I have a simple numpy array, for every date there is a data point. Something like this:
>>> import numpy as np
>>> from datetime import date
>>> from datetime import date
>>> x = np.array( [(date(2008,3,5), 4800 ), (date(2008,3,15), 4000 ), (date(2008,3,
20), 3500 ), (date(2008,4,5), 3000 ) ] )
Is there easy way to extrapolate data points to the future: date(2008,5,1), date(2008, 5, 20) etc? I understand it can be done with mathematical algorithms. But here I am seeking for some low hanging fruit. Actually I like what numpy.linalg.solve does, but it does not look applicable for the extrapolation. Maybe I am absolutely wrong.
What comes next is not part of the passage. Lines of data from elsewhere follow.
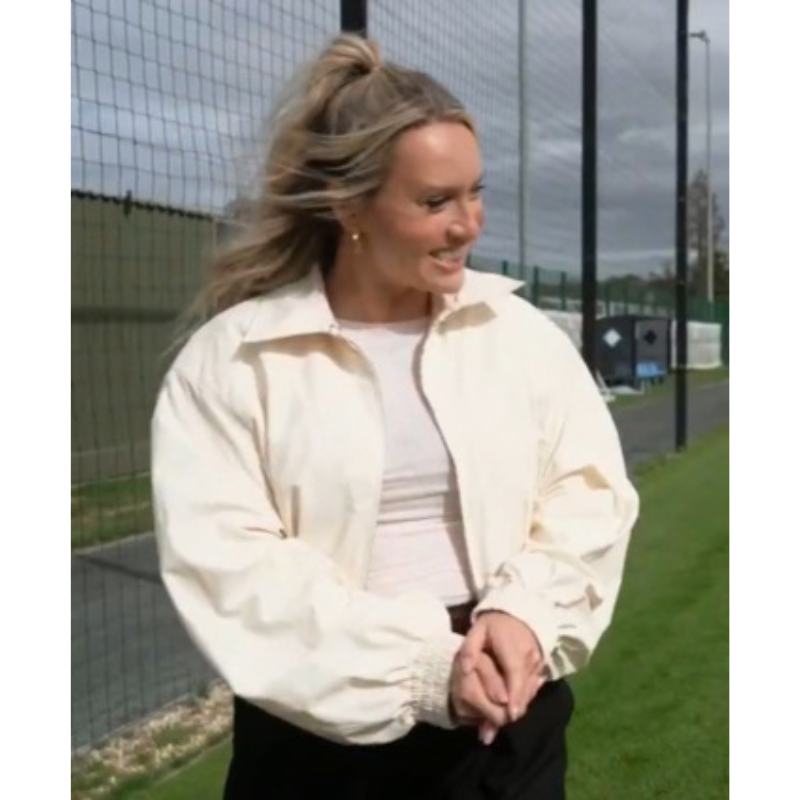 Lionesses-Training-Ground-Sky-Sports-Interviewer-Eleanor-Roper-Off-White-Cotton-Jacket-Front Eleanor Roper Off White Jacket - Image 1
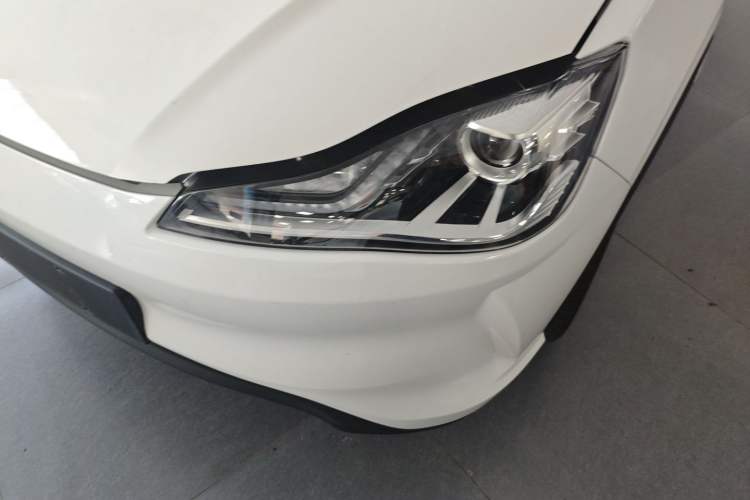 Used NETA V 2021 Long-Range Entertainment Edition Left Front Headlight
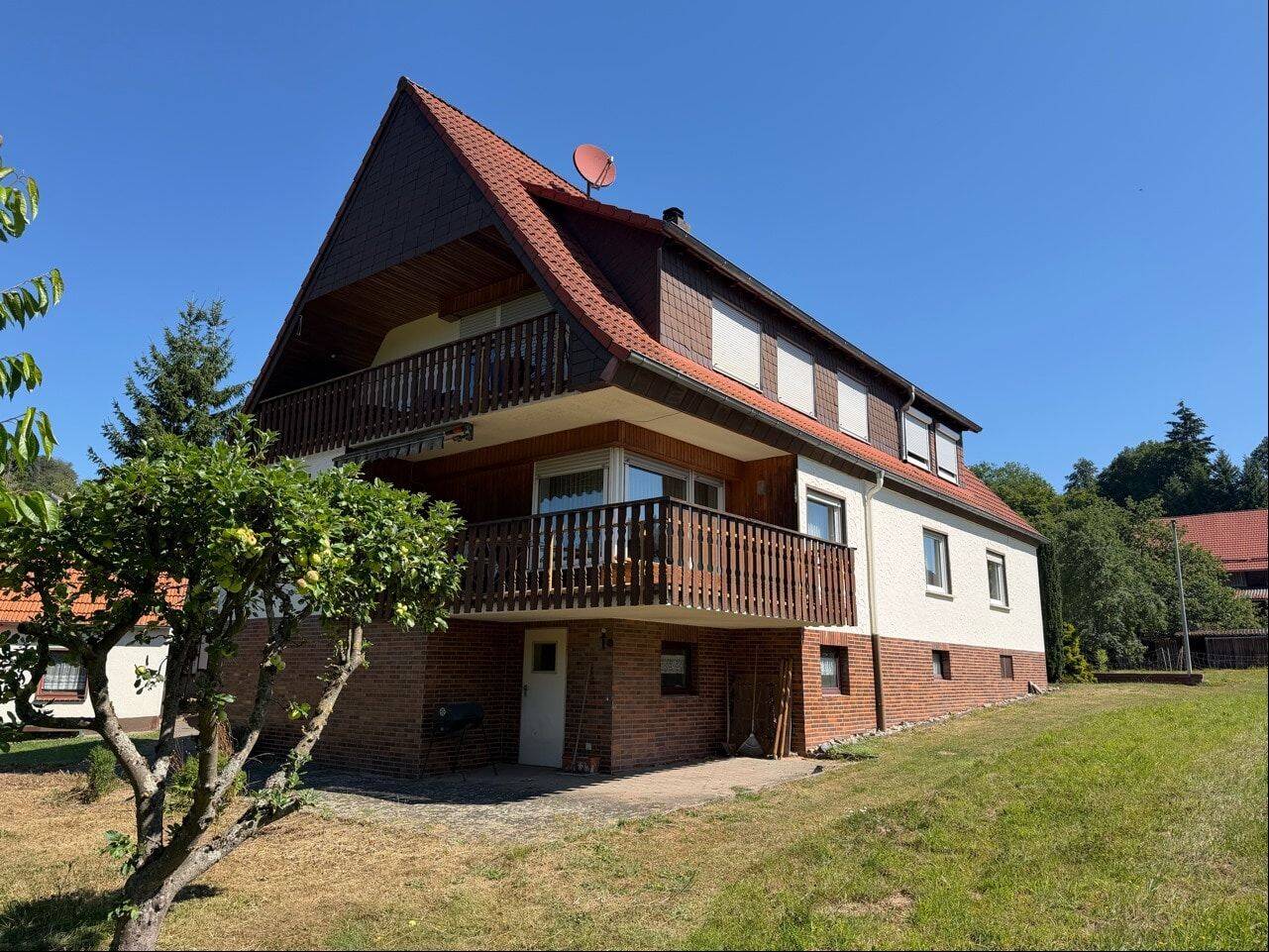 Zweifamilienhaus in Bad Hersfeld mit 3 Garagen, 36251 Bad Hersfeld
Actually to be more specific I am building a burn-down chart (xp term): 'x=date and y=volume of work to be done', so I have got the already done sprints and I want to visualise how the future sprints will go if the current situation persists. And finally I want to predict the release date. So the nature of 'volume of work to be done' is it always goes down on burn-down charts. Also I want to get the extrapolated release date: date when the volume becomes zero.
This is all for showing to dev team how things go. The preciseness is not so important here :) The motivation of dev team is the main factor. That means I am absolutely fine with the very approximate extrapolation technique.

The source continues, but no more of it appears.